Chapter 33
Chapter
Bloody hell.
In the thin morning light, McGann can see his ankle is the awful blue-green color of the sky before the worst kind of storm.
He’s been in this hole in the ground for two days, during which his ankle has swollen to three times its normal size.
His thigh wound—on the same leg, thanks to that arsehole James—continues to deteriorate, and now his entire leg is mottled and throbbing and smelly and more likely to kill him than not.
It feels improbable that this is how he’ll go. That after everything he’s lived through, he’ll die in a root cellar surrounded by parsnips.
And that it’ll be Barclay, after all, who does him in—a man who, a month ago, he’d have wagered he’d never see again. All because Barclay wants the key. The key that Catherine has. The key McGann will make damn sure his brother never lays hands on.
Fuck.
“Good morning, brother.” Barclay’s face appears above the grate over his head. “How did you sleep?”

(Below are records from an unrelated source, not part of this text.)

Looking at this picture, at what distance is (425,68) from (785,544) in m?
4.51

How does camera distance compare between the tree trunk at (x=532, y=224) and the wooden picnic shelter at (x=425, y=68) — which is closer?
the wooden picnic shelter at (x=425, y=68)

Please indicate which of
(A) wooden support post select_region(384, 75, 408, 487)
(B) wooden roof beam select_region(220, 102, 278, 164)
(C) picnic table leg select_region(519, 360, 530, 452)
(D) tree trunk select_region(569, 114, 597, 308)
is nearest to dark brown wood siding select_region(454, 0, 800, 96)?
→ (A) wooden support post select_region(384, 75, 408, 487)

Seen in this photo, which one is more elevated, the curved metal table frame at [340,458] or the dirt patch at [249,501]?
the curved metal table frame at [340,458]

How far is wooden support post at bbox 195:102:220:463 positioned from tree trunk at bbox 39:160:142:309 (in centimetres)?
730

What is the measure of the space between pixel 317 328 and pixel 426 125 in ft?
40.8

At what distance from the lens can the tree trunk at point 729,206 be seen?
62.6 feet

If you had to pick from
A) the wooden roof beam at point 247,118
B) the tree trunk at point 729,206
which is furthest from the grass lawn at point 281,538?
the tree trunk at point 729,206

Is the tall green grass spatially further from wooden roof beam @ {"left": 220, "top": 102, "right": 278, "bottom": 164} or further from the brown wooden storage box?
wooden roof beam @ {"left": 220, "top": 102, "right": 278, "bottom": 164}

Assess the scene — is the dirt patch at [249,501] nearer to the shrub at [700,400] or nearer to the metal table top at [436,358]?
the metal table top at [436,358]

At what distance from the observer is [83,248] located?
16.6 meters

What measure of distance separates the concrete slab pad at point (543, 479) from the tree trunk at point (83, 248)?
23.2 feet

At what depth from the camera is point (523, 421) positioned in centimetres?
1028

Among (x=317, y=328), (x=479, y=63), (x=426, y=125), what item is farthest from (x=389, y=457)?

McGann tilts his chin up at an odd angle to better face his brother. “Your Grace,” he bites out.
Barclay smiles. “This truly doesn’t have to be as difficult as you’re making it.” He sets the lockbox down on top of the grate. “Produce the key and everyone walks away happy.”

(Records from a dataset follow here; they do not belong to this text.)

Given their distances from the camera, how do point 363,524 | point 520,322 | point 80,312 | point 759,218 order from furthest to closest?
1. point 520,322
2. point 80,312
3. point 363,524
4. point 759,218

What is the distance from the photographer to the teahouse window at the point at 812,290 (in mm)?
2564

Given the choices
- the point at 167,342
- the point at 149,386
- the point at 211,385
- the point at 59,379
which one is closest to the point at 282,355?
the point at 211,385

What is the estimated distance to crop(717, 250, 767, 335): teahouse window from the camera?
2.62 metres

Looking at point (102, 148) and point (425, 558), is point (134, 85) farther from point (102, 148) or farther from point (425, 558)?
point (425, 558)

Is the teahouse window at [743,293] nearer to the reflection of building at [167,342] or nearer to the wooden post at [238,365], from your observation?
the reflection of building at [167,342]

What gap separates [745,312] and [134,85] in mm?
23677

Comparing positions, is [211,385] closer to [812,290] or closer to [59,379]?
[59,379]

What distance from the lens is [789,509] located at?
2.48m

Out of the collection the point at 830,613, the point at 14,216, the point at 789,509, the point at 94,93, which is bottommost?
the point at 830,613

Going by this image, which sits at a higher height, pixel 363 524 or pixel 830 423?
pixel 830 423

“Are you really that short of funds?” McGann asks. “That you’d resort to this?”
Barclay sighs. “Just give me the key. This could have been so easy, and yet you’ve chosen to make it difficult.”

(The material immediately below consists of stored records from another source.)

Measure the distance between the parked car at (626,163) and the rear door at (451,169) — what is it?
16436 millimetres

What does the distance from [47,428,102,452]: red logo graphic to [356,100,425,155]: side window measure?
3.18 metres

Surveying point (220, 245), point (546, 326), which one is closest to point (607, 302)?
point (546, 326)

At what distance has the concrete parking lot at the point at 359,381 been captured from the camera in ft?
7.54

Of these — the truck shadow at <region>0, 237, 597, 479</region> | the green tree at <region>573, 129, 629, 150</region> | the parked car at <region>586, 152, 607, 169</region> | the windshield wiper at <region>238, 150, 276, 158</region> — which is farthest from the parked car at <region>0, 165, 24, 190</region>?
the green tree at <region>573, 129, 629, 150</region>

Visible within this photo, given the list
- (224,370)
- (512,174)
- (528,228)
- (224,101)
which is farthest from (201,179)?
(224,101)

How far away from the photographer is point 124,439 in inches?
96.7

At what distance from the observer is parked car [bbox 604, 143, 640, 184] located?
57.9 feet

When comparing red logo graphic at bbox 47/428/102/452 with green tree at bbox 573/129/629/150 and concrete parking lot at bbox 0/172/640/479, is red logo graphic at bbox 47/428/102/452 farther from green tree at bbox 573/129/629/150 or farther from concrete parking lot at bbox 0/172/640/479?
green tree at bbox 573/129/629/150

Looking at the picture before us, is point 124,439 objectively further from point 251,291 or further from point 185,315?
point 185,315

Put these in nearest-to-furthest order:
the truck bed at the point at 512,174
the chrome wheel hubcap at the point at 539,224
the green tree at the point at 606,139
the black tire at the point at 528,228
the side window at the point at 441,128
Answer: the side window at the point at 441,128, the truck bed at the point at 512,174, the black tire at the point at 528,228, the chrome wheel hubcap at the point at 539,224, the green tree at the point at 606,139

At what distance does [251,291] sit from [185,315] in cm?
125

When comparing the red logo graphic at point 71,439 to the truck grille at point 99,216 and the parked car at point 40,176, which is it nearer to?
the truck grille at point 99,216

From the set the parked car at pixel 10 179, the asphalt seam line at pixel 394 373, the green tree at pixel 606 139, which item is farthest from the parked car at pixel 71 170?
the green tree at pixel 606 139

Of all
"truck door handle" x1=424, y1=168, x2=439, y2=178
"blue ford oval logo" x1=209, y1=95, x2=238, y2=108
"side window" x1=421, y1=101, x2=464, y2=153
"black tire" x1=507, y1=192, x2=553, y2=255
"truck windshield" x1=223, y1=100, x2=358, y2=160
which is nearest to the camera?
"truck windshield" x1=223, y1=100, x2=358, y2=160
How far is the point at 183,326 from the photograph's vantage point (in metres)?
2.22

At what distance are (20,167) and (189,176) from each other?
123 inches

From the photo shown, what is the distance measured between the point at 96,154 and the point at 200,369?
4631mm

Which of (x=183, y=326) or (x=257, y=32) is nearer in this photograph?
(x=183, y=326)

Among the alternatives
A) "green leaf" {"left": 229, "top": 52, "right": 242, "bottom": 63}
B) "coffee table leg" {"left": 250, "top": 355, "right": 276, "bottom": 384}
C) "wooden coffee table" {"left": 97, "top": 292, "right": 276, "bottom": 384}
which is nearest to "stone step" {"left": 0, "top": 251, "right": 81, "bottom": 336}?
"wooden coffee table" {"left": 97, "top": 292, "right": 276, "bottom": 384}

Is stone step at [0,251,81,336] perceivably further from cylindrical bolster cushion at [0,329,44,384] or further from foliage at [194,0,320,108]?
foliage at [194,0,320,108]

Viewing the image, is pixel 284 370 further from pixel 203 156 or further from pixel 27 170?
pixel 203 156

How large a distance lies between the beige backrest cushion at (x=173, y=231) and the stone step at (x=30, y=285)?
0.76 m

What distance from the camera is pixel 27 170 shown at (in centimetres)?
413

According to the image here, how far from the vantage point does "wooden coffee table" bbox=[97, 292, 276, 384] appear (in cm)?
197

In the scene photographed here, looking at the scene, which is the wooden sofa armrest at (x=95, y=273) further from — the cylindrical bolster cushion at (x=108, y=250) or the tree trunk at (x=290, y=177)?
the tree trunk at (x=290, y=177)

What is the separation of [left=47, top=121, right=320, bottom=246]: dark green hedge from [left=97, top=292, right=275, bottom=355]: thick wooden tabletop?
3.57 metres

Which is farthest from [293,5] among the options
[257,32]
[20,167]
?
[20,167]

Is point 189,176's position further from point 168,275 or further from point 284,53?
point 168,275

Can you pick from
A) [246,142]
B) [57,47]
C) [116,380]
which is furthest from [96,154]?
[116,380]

“I don’t have it,” McGann says.
“But you know where it is.”
McGann tries to clear his mind, but the hunger and pain and exhaustion make it hard to think straight. Should he say it’s back on The Elphame?
No.
That might make Barclay suspect Catherine—if James has told him about her. What about in Kent, with Crawford? Barclay wouldn’t hurt a marquess’s son.
Would he? Probably not.
But better not to take the risk.
“I lost it,” is what he finally says.
“I doubt that. And I should make it clear that there are two ways for this to end. One is that you die here, alone, in this cellar. You take your secrets with you, and I toss this box into the ocean. Everybody loses.”
“And the other way?” McGann asks.
“The other is that you hand over the key and I use the box to my own ends.”
“You mean you sell its contents to whomever wants them the most? Lucrative for you and for the East India Company too, I’ve no doubt.”
He pauses, his mind working furiously to form a plan. “If you’re trying to bid up the price, brother, there must be another buyer. Who?”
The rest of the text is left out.